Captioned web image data

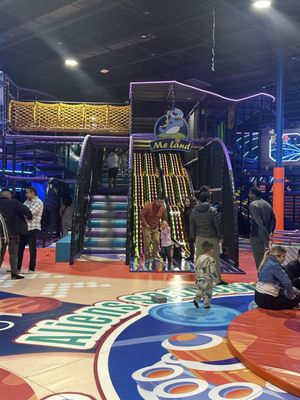 Me Land Chantilly by null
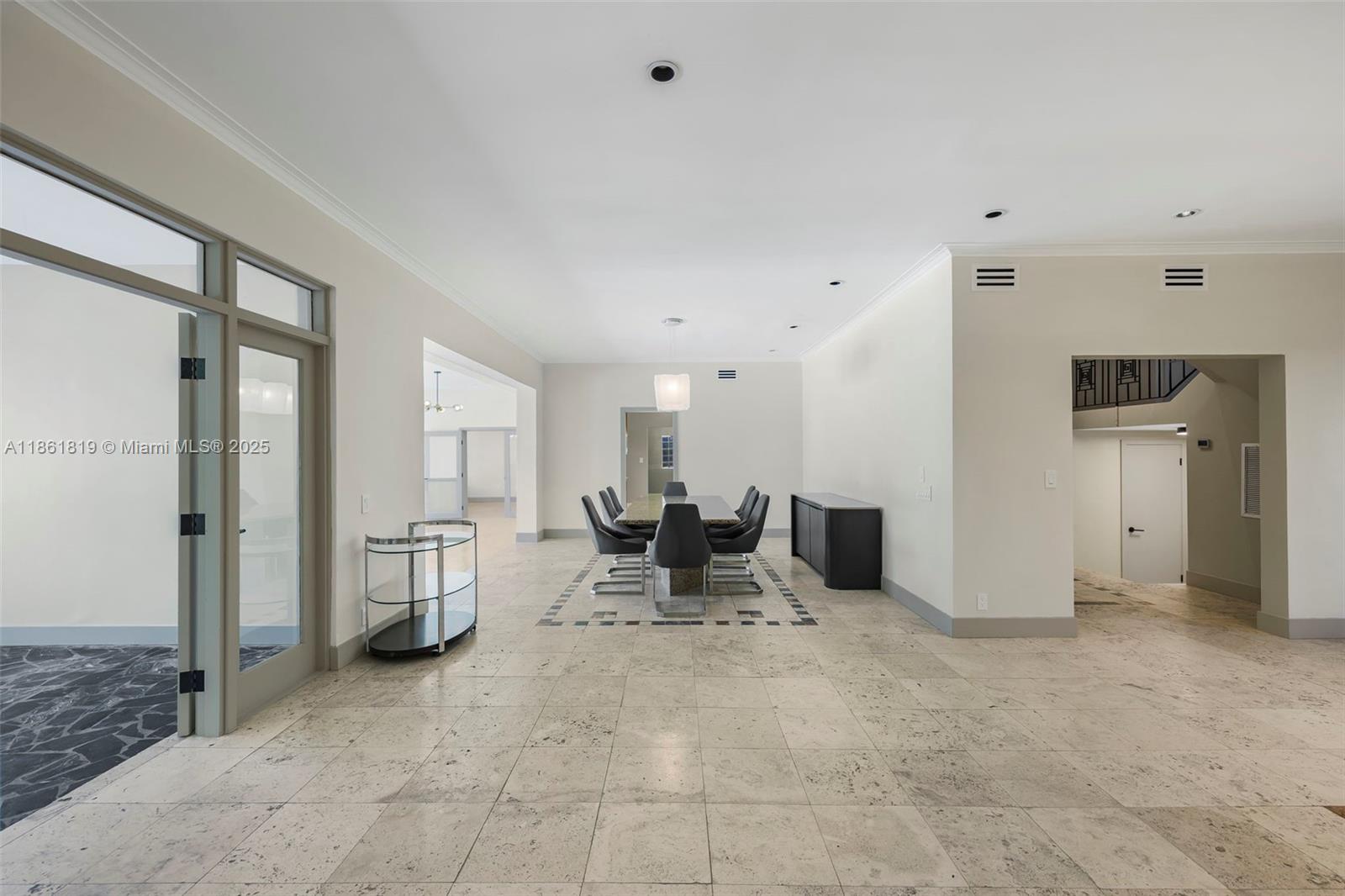 AMD PLAT OF SUNSET LAKE S - Residential Lease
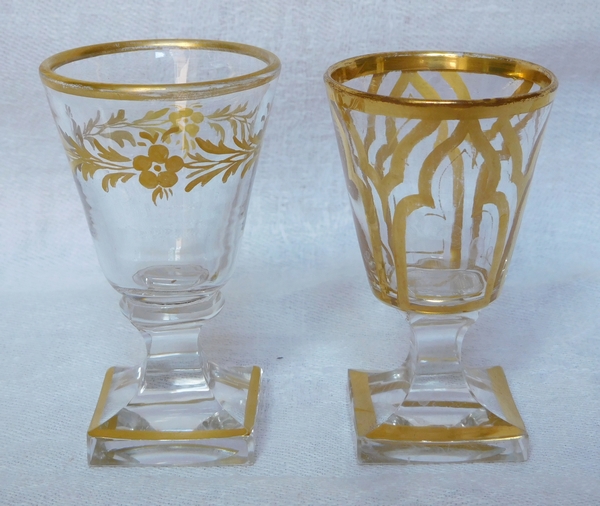 Cave à liqueur Napoléon III en marqueterie Boulle, 4 carafes & 16 verres en cristal doré orientaliste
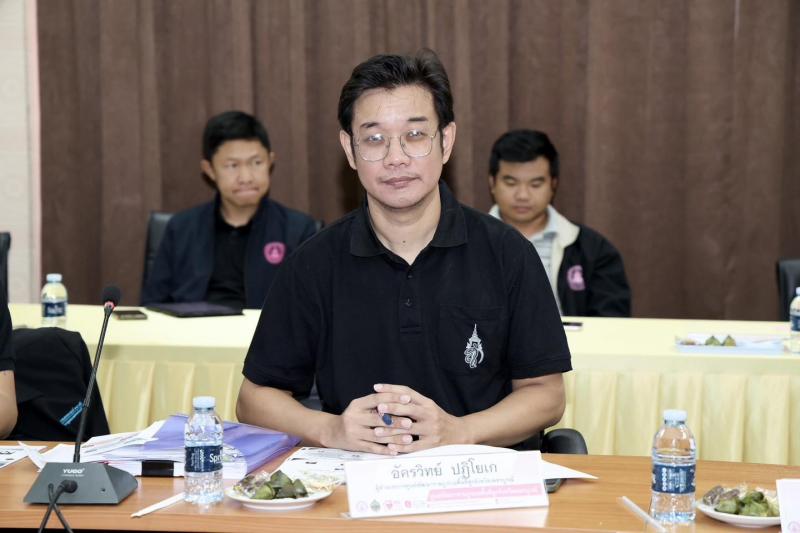 ปลัด พม. เป็นประธา�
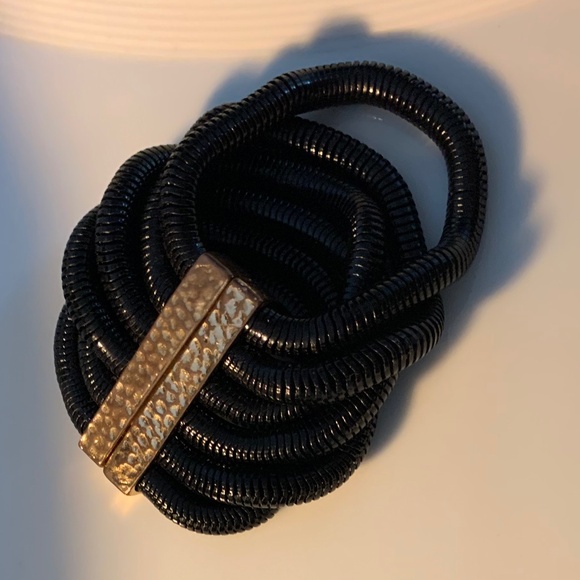 Black Coil Choker & Bracelet Set – Hammered Gold Tone - Picture 11 of 12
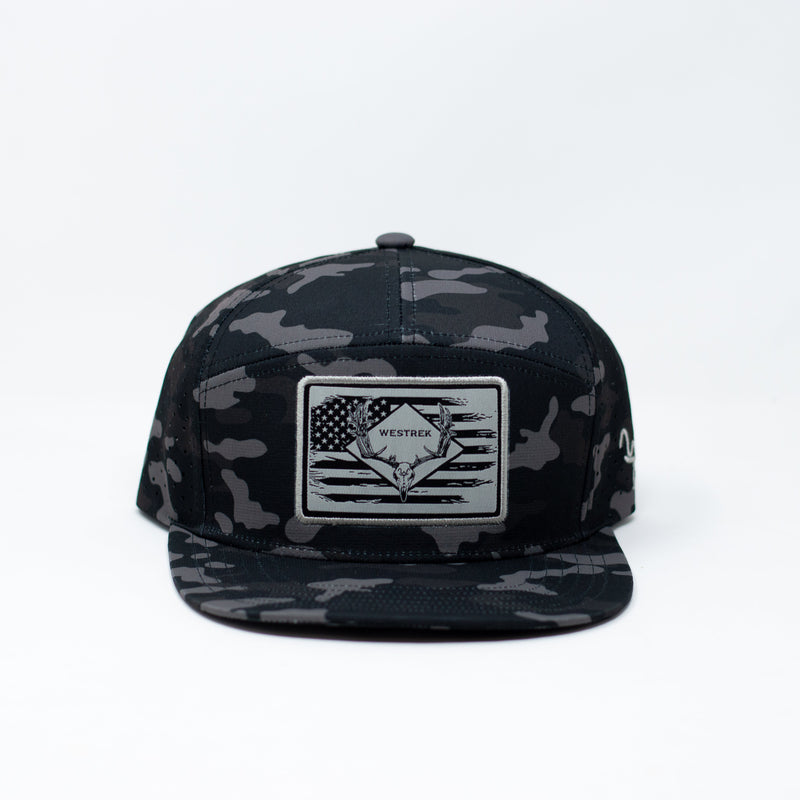 Load image into Gallery viewer, Black camo Laser mesh hat
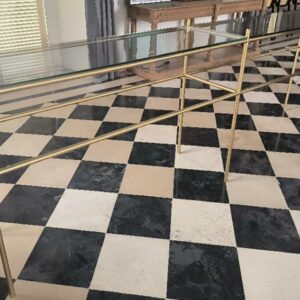 Console en métal doré avec plateaux rectangulaires en verre (manque ceux du dessous, légères inclusions dans le verre). Dim : 90 x 260 x 44 cm. 2 unités. Vendu à l'unité avec faculté de réunion. Localisation: BLB, 3 rue de la Fossé aux Leux - 91700 Sainte Geneviève des Bois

* _WHAT YOU NEED TO DO_: Out of the records above, set down only the lines from the one that contains "ปลัด พม. เป็นประธา�" through the one that contains "Load image into", unchanged and without the pictures.

* _TASK RESULT_:
 ปลัด พม. เป็นประธา�
 Black Coil Choker & Bracelet Set – Hammered Gold Tone - Picture 11 of 12
 Load image into Gallery viewer, Black camo Laser mesh hat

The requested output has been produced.